Top-shelf Charles Bronson thriller that had me yelling at the screen about a dozen times—and I mean that in a good way. I had no idea that gangsters shooting up a pile of watermelons could make me curse so much, but this film did it. It’s got a likable loner hero who gets kicked around by damn near everyone else in the movie and a pack of villains who desperately need to eat a bullet for lunch. This isn’t perfect, but it does suck you in. What it sometimes lacks in sense, it makes up with pure swagger.

Chuck Bronson here is Vince Majestyk, the toughest struggling melon farmer in all of Colorado, if not the entire western United States. He’s a decorated ‘Nam vet, but also an ex-con over a dubious violent assault (a bar fight, which we know full-well that a reserved guy like Chuck didn’t start). This means that the small town police department already don’t like him because of his record. Also, the local, wet-behind-the-ears wannabe crime lord has it in for him because Chuck resists his efforts at weaseling into his melon profits. Along the way, Mr. Bronson further crosses paths with, and humiliates, a big-time professional hit man who now wants revenge. About the only people on his side are the migrant workers he hires.

Meanwhile, none of the bad guys realize that Bronson is a war-hardened badass and a clever strategist behind his calm exterior. They all think that he’s some yokel who’s gonna be an easy kill, but he’s the furthest thing from it. The moment that he figures out the game, he’s five steps ahead of everyone else and the jerks don’t stand a chance. As bullets fly and a few cars get run off of cliffs, not too many of them live to see wah-wah guitar licks go out of fashion in film scores.

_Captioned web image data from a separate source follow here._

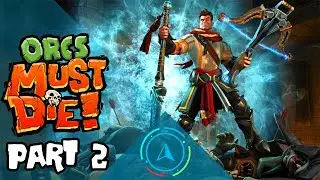 Orcs Must Die! Let's Play - Part 2 (The Fork, Nightmare Mode) 1440p HD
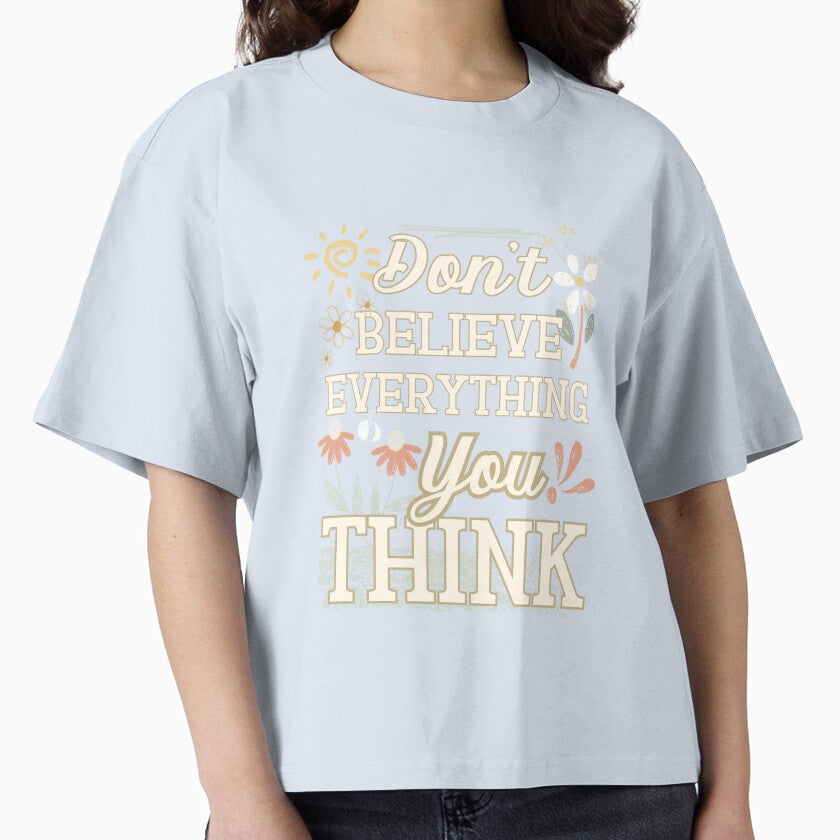Don’t believe everything you think - pink version by Dustie Nation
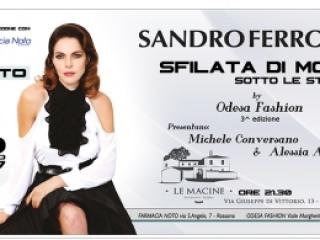 La 3^ sfilata di moda Sandro Ferrone sotto le stelle  si terrà domenica 16 luglio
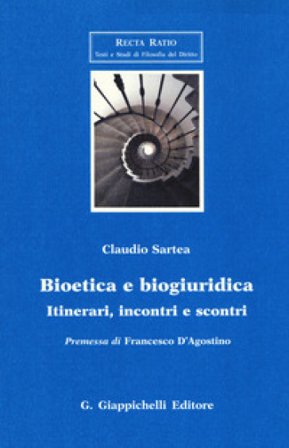 Bioetica e biogiuridica. Itinerari, incontri e scontri Claudio Sartea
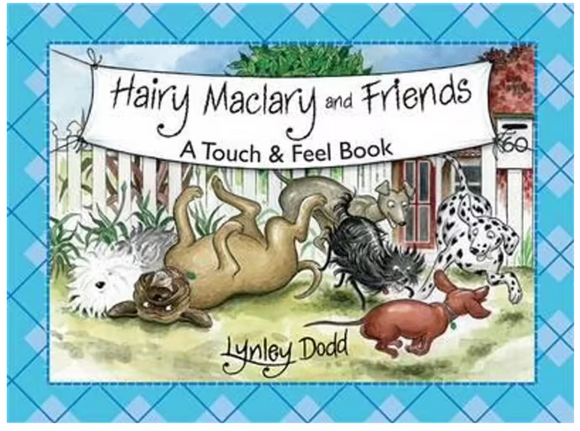Hairy Maclary and Friends: A Touch and Feel Book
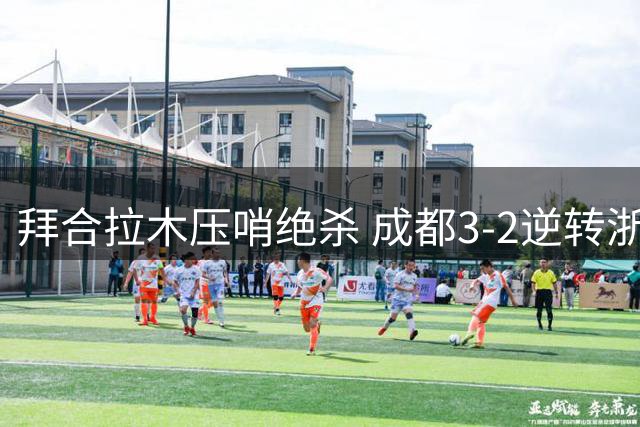 拜合拉木压哨绝杀 成都3-2逆转浙江 费利佩双响建功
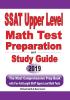 SSAT Upper Level Math Test Preparation and study guide: The Most Comprehensive Prep Book with Two Full-Length SSAT Upper Level Math Tests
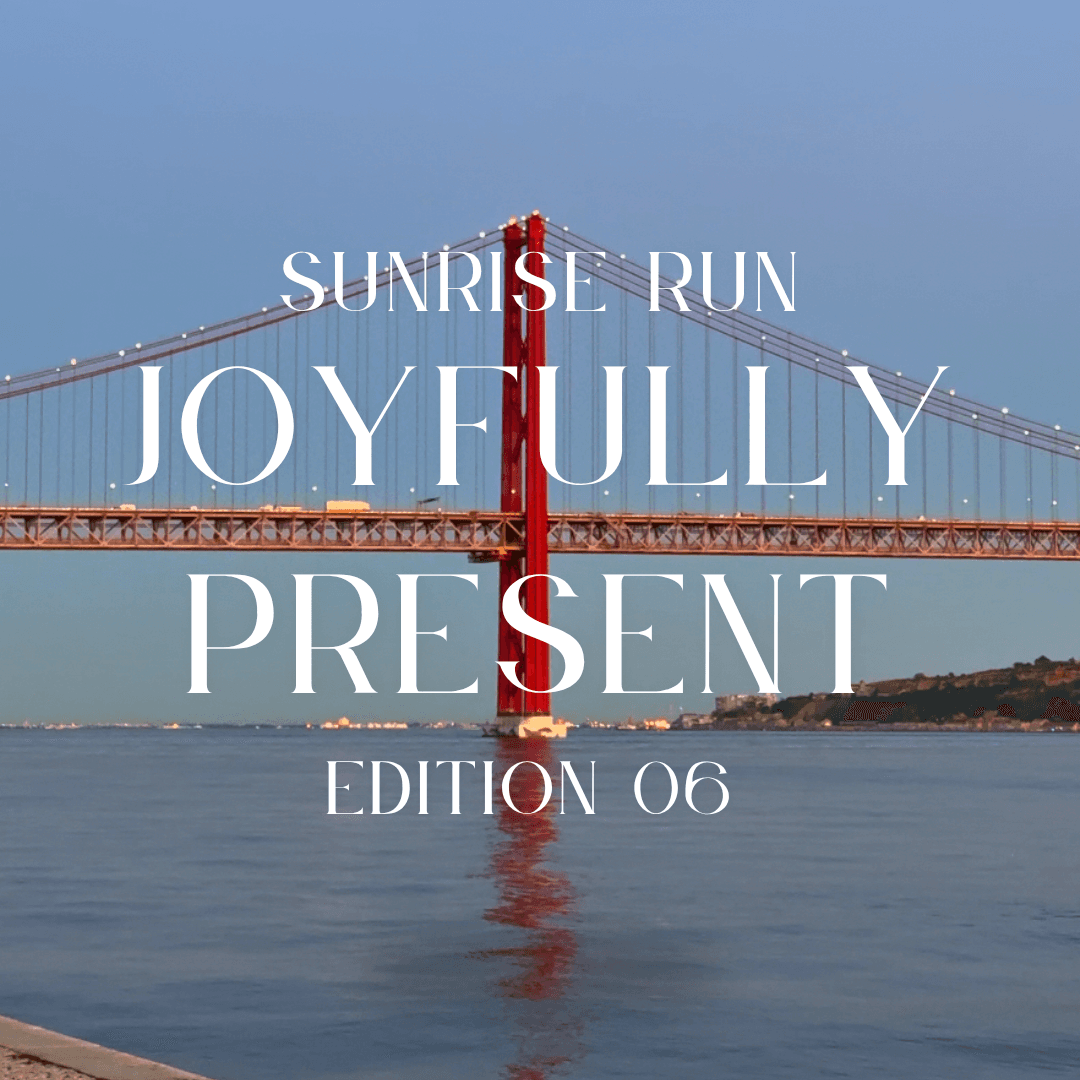 joyfully present - sunrise run (edition 06)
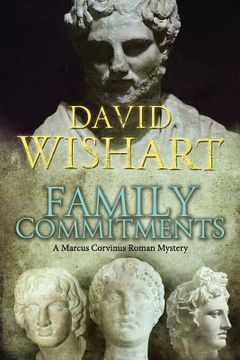 portada Family Commitments: Volume 20 (Marcus Corvinus) (en Inglés)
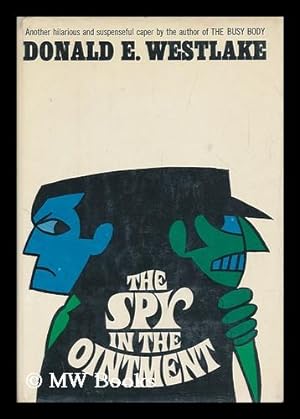 Bild des Verkufers fr The Spy in the Ointment [By] Donald E. Westlake zum Verkauf von MW Books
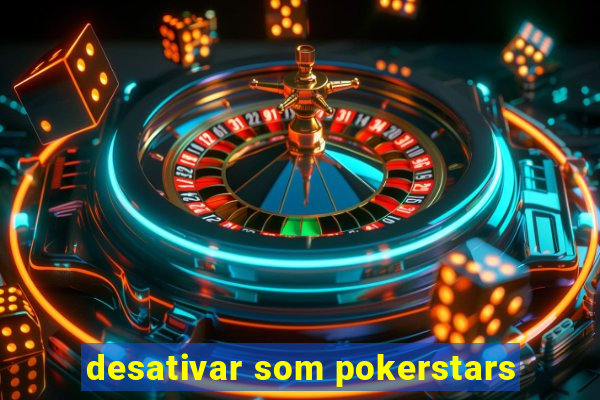 desativar som pokerstars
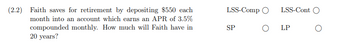 ### Retirement Savings Calculation

**Problem (2.2):**

Faith saves for retirement by depositing $550 each month into an account which earns an APR of 3.5% compounded monthly. How much will Faith have in 20 years?

**Solution Approach:** 

1. Review and select the appropriate financial formula to compute the future value of the annuity.
2. Ensure to consider the compounding period and interest rate adjustments accordingly.

**Visualization:**

_Selections To Be Made:_
- **LSS-Comp** (Compounded Monthly)
- **LSS-Cont** (Continuous Compounding)
- **SP** (Single Payment)
- **LP** (Lump Sum Payment)

In this case, LSS-Comp should be selected because the interest is compounded monthly. 

**Calculation Recap:**

Let's use the Future Value of an Ordinary Annuity formula to find the total amount accumulated:

\[ FV = P \times \left( \frac{(1 + r)^n - 1}{r} \right) \]

Where:
- \( P \) = Monthly deposit ($550)
- \( r \) = Monthly interest rate (APR/12) = 3.5% / 12 ≈ 0.0029167
- \( n \) = Total number of deposits (Years \* 12) = 20 \* 12 = 240

_Future Value Calculation_

By substituting the values:
\[ FV = \$550 \times \left( \frac{(1 + 0.0029167)^{240} - 1}{0.0029167} \right) \]

By solving this, you will get the total amount Faith will have after 20 years.

This problem assists in understanding annuity savings and the impact of interest compounding on long-term savings plans, crucial for retirement planning education.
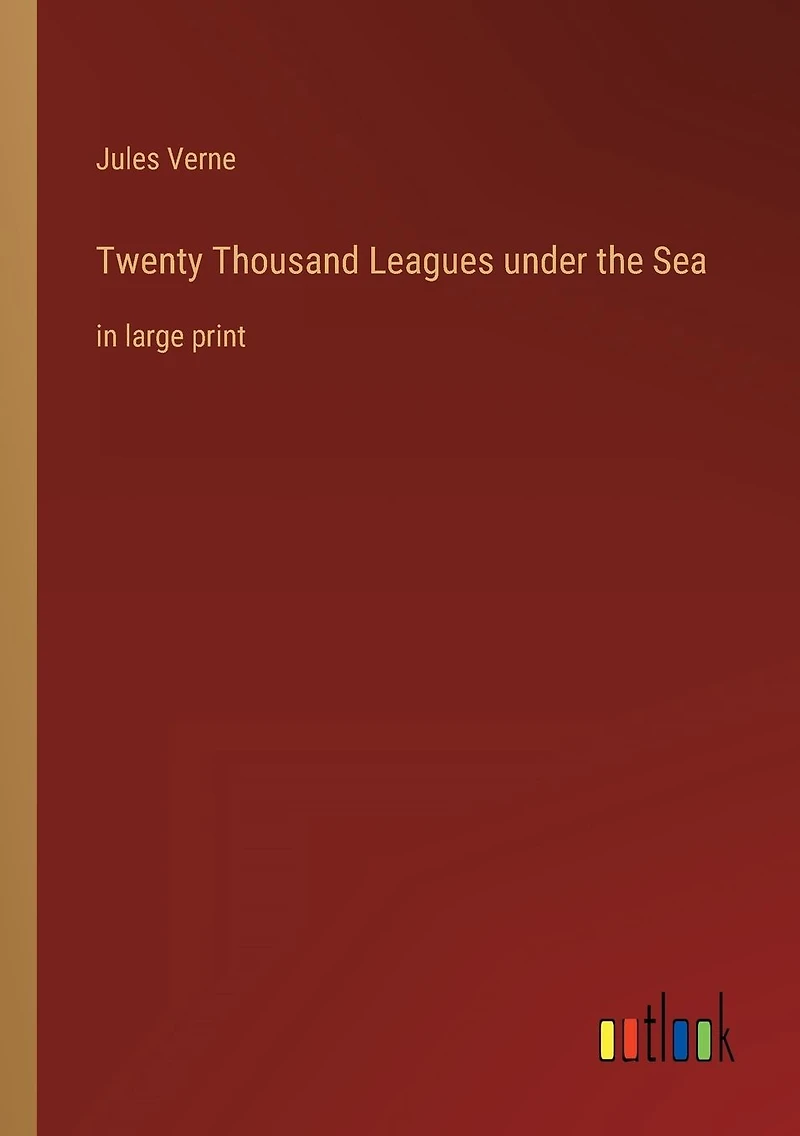 Twenty Thousand Leagues under the Sea: large print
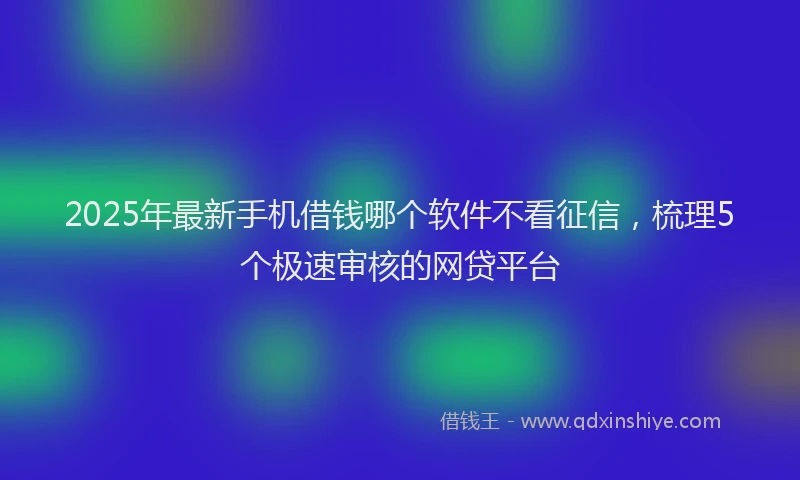 2025年最新手机借钱哪个软件不看征信，梳理5个极速审核的网贷平台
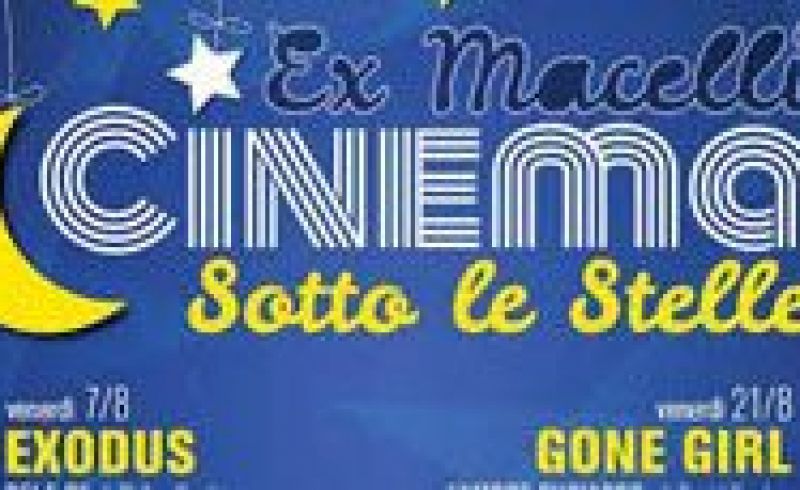 From 7th/07 till 25th/08 - CINEMA SOTTO LE STELLE, Ex Macelli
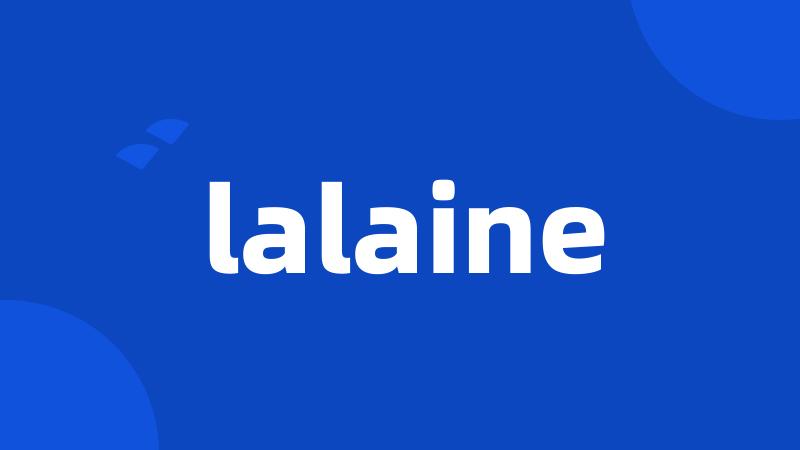 lalaine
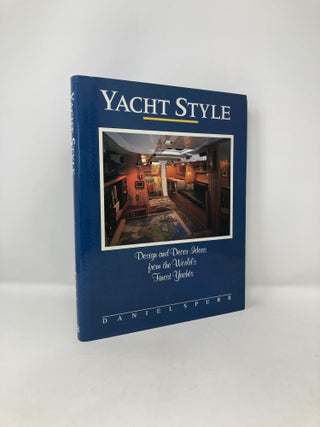 Item #121870 Yacht Style: Design and Decor Ideas from the World's Finest Yachts. Daniel Spurr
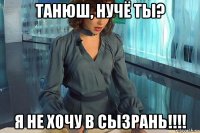 танюш, нучё ты? я не хочу в сызрань!!!!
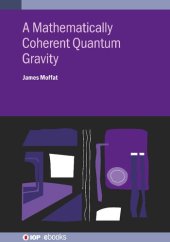 book A Mathematically Coherent Quantum Gravity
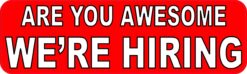 Are You Awesome Were Hiring Vinyl Sticker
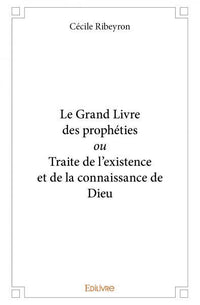Le Grand Livre des prophéties ou Traite de l'existence et de la connaissance de Dieu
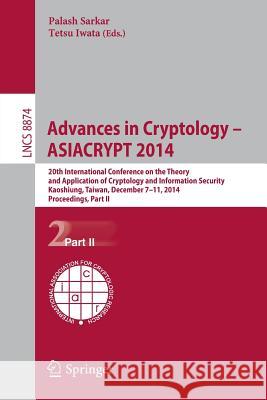 Advances in Cryptology -- ASIACRYPT 2014: 20th International Conference on the Theory and Application of Cryptology and Information Security, Kaoshiung, Taiwan, China, December 7-11, 2014, Part II Palash Sarkar, Tetsu Iwata 9783662456071 Springer-Verlag Berlin and Heidelberg GmbH & 
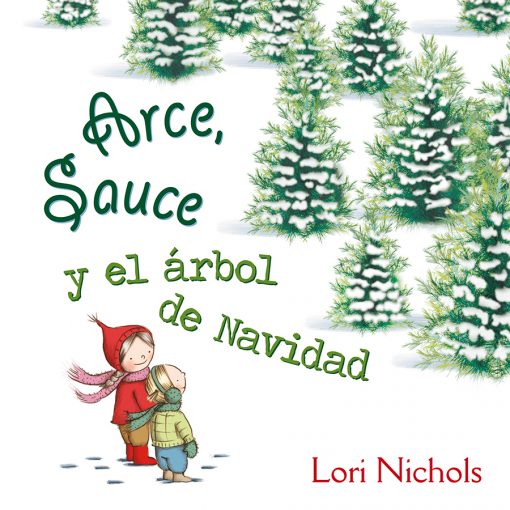 Arce, Sauce y el árbol de Navidad. 9788491451082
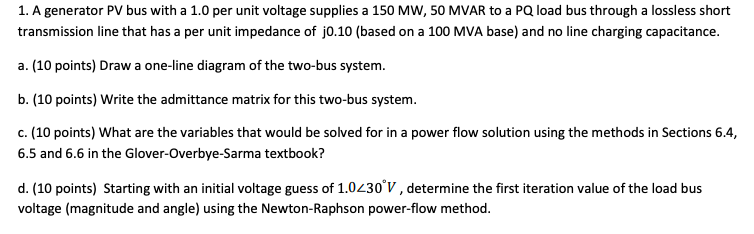 Solved 1. A generator PV bus with a 1.0 per unit voltage | Chegg.com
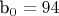 b_0=94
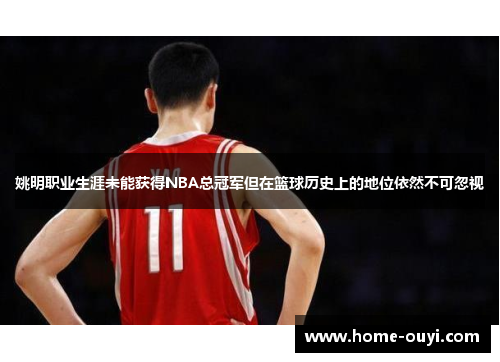 姚明职业生涯未能获得NBA总冠军但在篮球历史上的地位依然不可忽视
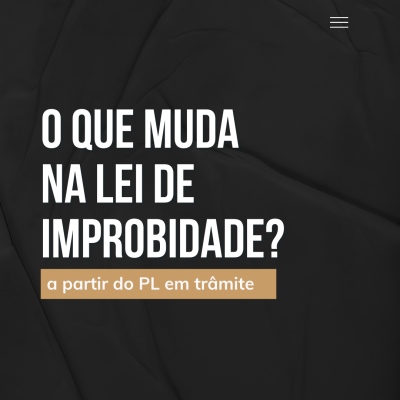 GUIA R&Aacute;PIDO: O que muda na Lei de Improbidade?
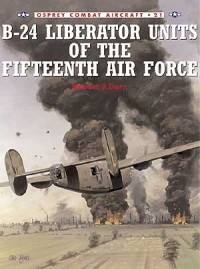 Robert F. Dorr - B-24 Liberator Units of the Fifteenth Air Force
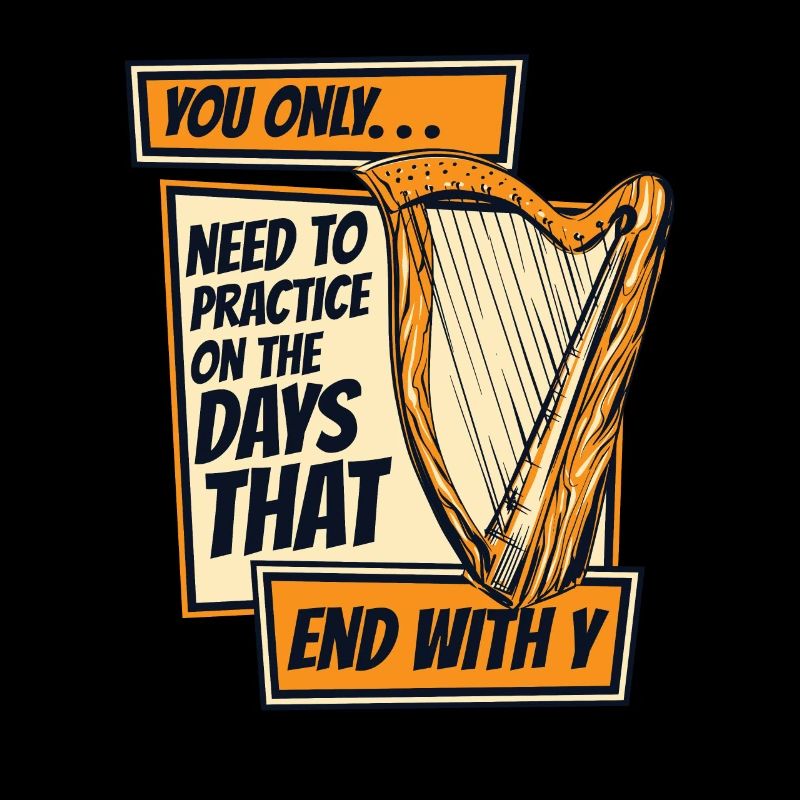 Need To Practice On Days That End With Y Harfe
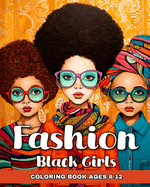 Fashion Coloring Book for Black Girls Ages 8-12: Fashion Design Coloring Pages with African American Girls to Color for Kids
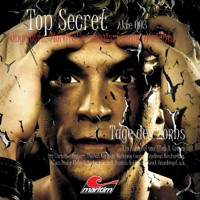 Top Secret, Akte 3: Tage des Zorns - Ellen B. Crown - Hörbuch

Screenplay by Elmore Leonard, who also wrote the novelization (from what I understand, the novel came after the screenplay). There are some parallels here with First Blood. Trade Stallone’s muscles for Bronson’s wrinkles. Also, trade Stallone’s crying scene for Bronson’s romance with pretty Mexican melon-picker Linda Cristal. If you’re just watching the movies, it’s tempting to call this film a forebear to Rambo, but Rambo actually came first via the 1972 novel First Blood by David Morrell. Both characters were created from the same hot and bubbling late 60s, early 70s cultural soup. They were two survivors of an unpopular war who now just want to be left alone. But people won’t leave ’em alone. One thing leads to another and these guys end up, against their wishes, back in combat all over again, but this time on home turf. They can’t call the police because the police are part of the problem. On the bright side, both Majestyk and Rambo are pretty good at killing.